Reproduzimos a seguir o texto “A queda do comandante Carlos Lamarca”, de autoria de Ivan Seixas. Resistente à ditadura civil-militar (1964-1988), Lamarca foi assassinado pelo Exército em Ipupiara, no sertão da Bahia,  em 17 de setembro de 1971.

Preso pela ditadura em 1971 aos 16 anos, Ivan Seixas testemunhou o assassinato de seu pai, Joaquim Alencar de Seixas, no DOI-Codi/SP em 1971

A queda do comandante Carlos Lamarca

*Por Ivan Seixas

O carcereiro chegou com um jornal na mão, dizendo: “Vocês souberam que mataram o Lamarca?” Não acreditamos e perguntamos de onde ele teria tirado aquela história absurda. Ele nos deu o jornal pela janelinha da porta da cela para vermos e estava tão atônito quanto nós com a notícia. Lamarca era o combatente mais procurado do país, a ditadura tinha um ódio visceral dele por ter tido a coragem de romper com as Forças Armadas e se unido à guerrilha contra o regime entreguista, torturador e assassino.

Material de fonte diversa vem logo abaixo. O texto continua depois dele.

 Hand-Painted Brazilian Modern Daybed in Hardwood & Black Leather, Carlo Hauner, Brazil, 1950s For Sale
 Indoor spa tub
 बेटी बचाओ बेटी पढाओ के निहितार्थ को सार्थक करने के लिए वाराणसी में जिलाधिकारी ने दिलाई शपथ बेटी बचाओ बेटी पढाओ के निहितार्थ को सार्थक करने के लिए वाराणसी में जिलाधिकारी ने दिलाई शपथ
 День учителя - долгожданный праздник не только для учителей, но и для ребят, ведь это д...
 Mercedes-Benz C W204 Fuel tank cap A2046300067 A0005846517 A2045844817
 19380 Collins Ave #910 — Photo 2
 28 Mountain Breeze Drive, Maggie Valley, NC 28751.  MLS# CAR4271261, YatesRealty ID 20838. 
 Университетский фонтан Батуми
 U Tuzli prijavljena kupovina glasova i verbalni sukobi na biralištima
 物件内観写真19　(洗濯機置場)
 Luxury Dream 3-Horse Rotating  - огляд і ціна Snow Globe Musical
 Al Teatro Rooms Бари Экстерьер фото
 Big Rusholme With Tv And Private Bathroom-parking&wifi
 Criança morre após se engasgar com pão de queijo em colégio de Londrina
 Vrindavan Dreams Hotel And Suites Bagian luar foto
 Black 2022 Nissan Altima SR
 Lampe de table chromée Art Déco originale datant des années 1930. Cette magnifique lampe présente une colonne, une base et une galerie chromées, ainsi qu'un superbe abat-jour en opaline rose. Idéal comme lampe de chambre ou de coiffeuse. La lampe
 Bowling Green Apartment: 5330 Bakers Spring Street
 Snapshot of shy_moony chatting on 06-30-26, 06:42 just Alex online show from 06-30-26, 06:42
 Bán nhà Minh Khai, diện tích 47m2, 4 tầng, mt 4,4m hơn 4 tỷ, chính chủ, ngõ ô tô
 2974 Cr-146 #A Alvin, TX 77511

A frase dele, em sua carta ao povo brasileiro quando decidiu romper com a ditadura foi:

“Eu vim servir ao Exército pensando que o Exército estava servindo ao povo, mas quando o povo grita por seus direitos é reprimido. Aqui o Exército defende os monopólios, os latifundiários, a burguesia. O povo é sempre reprimido. Esse Exército é podre e eu não aguento mais…”
—Carlos Lamarca, em 1966.

Capa da revista Veja noticiando a morte de Lamarca
Naquele dia de setembro de 1971 eu estava de volta ao DOPS de São Paulo, depois da repressão militar ter me mantido escondido no DOPS de Porto Alegre, por dois meses seguidos. Na minha cela estavam vários companheiros de luta do Comandante Carlos Lamarca e alguns meus companheiros também.

Carlos Lamarca morou por alguns meses na minha casa, que era um aparelho do MRT – Movimento Revolucionário Tiradentes, minha Organização, que abrigava o Comandante depois dele ter saído da experiência vitoriosa da Guerrilha do Vale do Ribeira. A ditadura estava furiosa com o fato dele ter driblado 5 mil soldados das 3 forças armadas, escapado de bombardeios com napalm, cercos espetaculares e ter voltado à cidade ileso e vitorioso.

Depois que saiu do Vale do Ribeira, ele foi abrigado na casa do nosso Comandante Henrique, nome de guerra do torneiro mecânico e gênio militar Devanir José de Carvalho, durante dois meses. Como estavam concentrados na mesma casa duas lideranças enormes da Guerrilha Brasileira, foi decidido que deveriam ficar em aparelhos separados. Por isso, ele foi morar conosco.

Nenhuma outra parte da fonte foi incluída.